Anahtara bir bakış atarak alıp cebine attığında ortama bir sessizlik hakim olmuştu. Bu sessizlik içinde önümüzdeki koltuklardan birine oturdu Barlas. Ayakta kalmam anlamsız olacağı için ben de onun karşısındaki koltuğa oturdum ve "Evi dağıtanların kim olduğunu nasıl bulacağız?" dedim.

Birkaç saniye cevap vermedi, zihninin dolu olduğu çok belliydi. "Halledeceğiz bir şekilde."

Kafamı salladığımda kesin bir cevap almak istiyordum ama sıkboğaz etmek tercih edeceğim bir şey değildi. Bu yüzden bu konuyu boşverip başka bir konuya yöneldim. "Alparslan burada kalmamı garipsemez mi?"

"Garipser."

Umarım bu, dava konusunda sıkıntı çıkartmazdı. 

Birkaç saniye sonra Barlas düşüncelerimi okumuş gibi sözünü sürdürdü. "Garipser fakat dava konusunda yaptığımız işbirliği ve yapacağımız şeyleri tehdit altına alacak bir durum söz konusu değil, öyle olsaydı sana bu teklifi yapmazdım."

İçim rahatlamış bir şekilde kafamı salladığım sırada Barlas'ın telefonu çaldı, telefona bir bakış atarak söylendi ve aramayı yanıtladı. "Ne oldu?

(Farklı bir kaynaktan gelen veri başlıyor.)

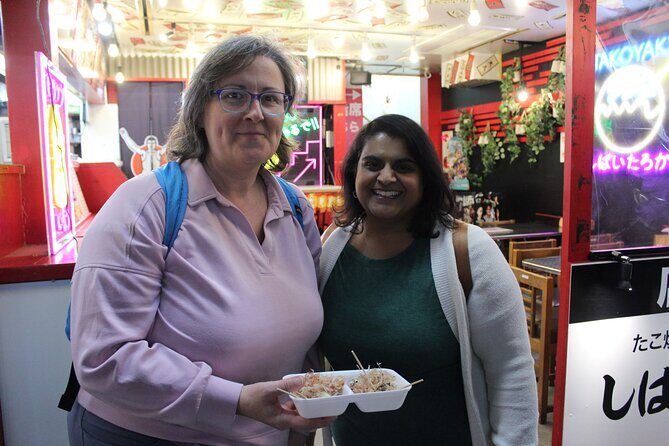 Osaka Namba Walking Tour by Local Guide - Practical Tips & Considerations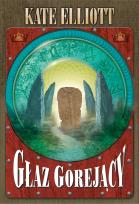 Okładka książki Głaz gorejący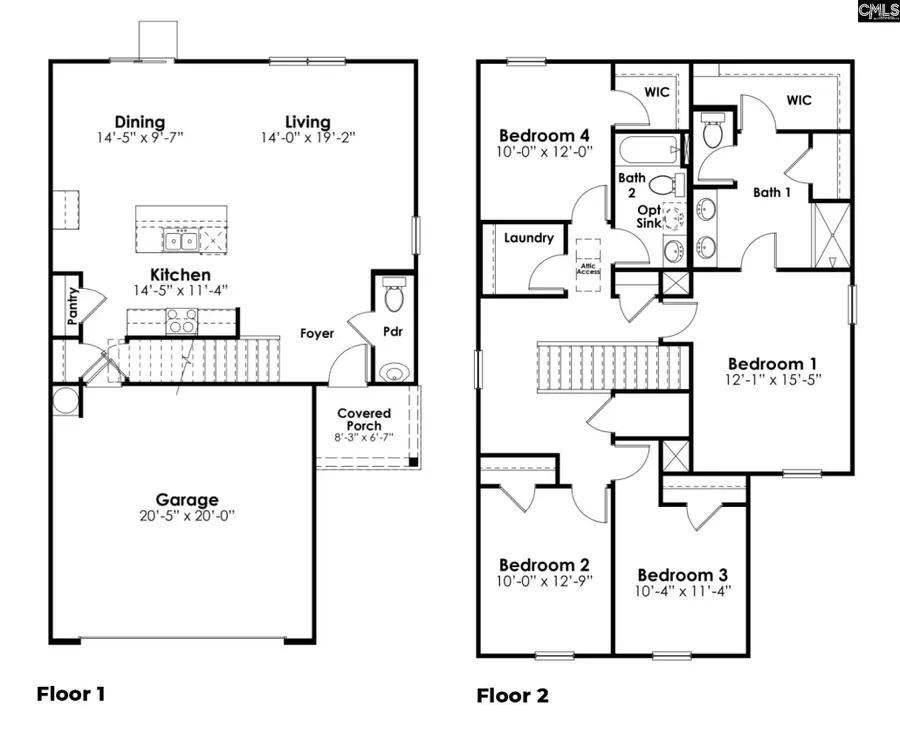 274 Gippy Drive, Orangeburg, SC 29118 - #2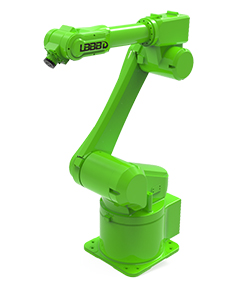 LB喷涂型系列六轴机器人 LP1500-B-6 LB喷涂型系列六轴机器人 LP1500-B-6
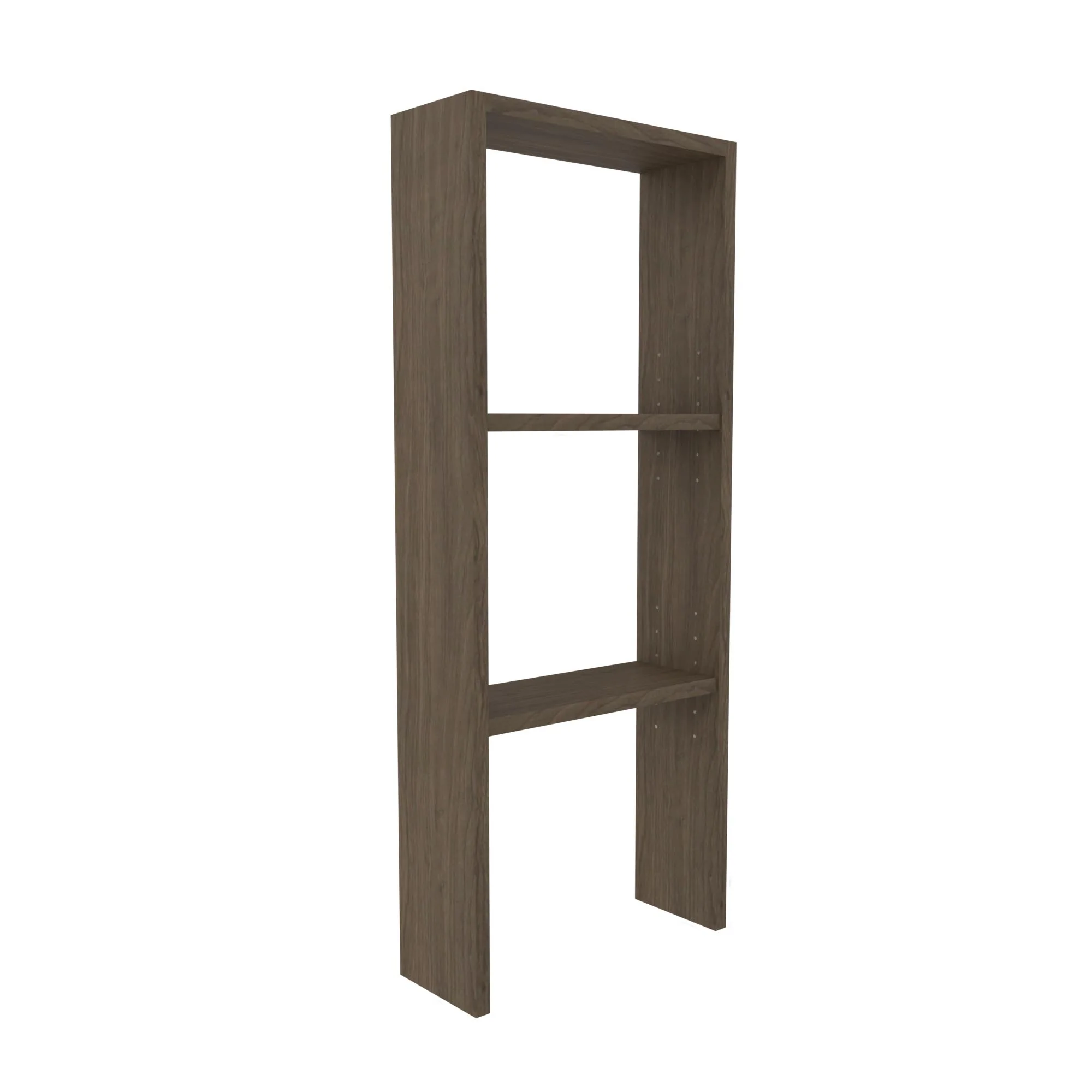 Styling station shallow framed retail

Karşı taraftan duyduğu şeylerden ötürü kaşlarını çattı ve "Tamam, geleceğim." deyip aramayı sonlandırdı. 

Ayağa kalktığında bana bakarak "Kendi evindeymiş gibi rahat ol, benim bir işim var." dedi. 

Onaylar bir şekilde kafamı salladığımda son kez bakıp daireden ayrıldı. Ben de derin bir nefesi içime çektim ve bir nebze de olsa rahatlayabilmek için gözlerimi kapattım.


Barlas arabayı harabenin önüne park etti ve hızlı adımlarla harabeden içeri girdi. Alparslan yine onu çağırmıştı, muhtemelen önemli bir gelişme olmuştu.

Birkaç dakika içinde Alparslan'ın yanına ulaştığında Alparslan torununa sevgi dolu bir ifadeyle baktı fakat Barlas için bunun bir önemi yoktu. Bu yüzden beklemeden konuya girdi. "Ne oldu?"

Alparslan derin bir nefes aldı. "Cihat yine rahat durmuyor." Cümlesini bitirdikten sonra sinirle kaşlarını çattı.

Alparslan'ın devam etmesini bekledi Barlas.

"Serkan'ı kaçırdı."

İşte şimdi Barlas'ın da kaşları çatılmıştı. "Onun kaçırdığını nasıl anladın?"

"Arkasında not bırakmış piç." 

Barlas'ın kaşları daha fazla çatılırken "Notu göster." dedi.

Alparslan, ceketinin cebinden katlı bir kağıt çıkardı ve kağıdı açarak Barlas'a verdi.

Kızımdan uzak durmazsan sıradaki sen olacaksın.                                                                                            -C-

"Serkan'ı onun elinden almamız gerek."

Barlas gözlerini kağıttan çekip Alparslan'a dikti. "Ne duruyorsun, adamlarını göndersene." 

"Sabahki görev için Serkan'ın üstüne küçük bir GPS cihazı yerleştirmiştin, onu çıkarmadıysan yerini tespit edip adamlarını gönder, ben de onlarla beraber gideceğim."

Alparslan'ın gözleri birkaç saniyeliğine parladı. "Çıkarmadık çünkü Serkan sabahtan sonra geri dönmedi."

Kendi kurduğu cümleden sonra yeniden kaşlarını çattı ve "Orospu çocuğu..." diye mırıldandı.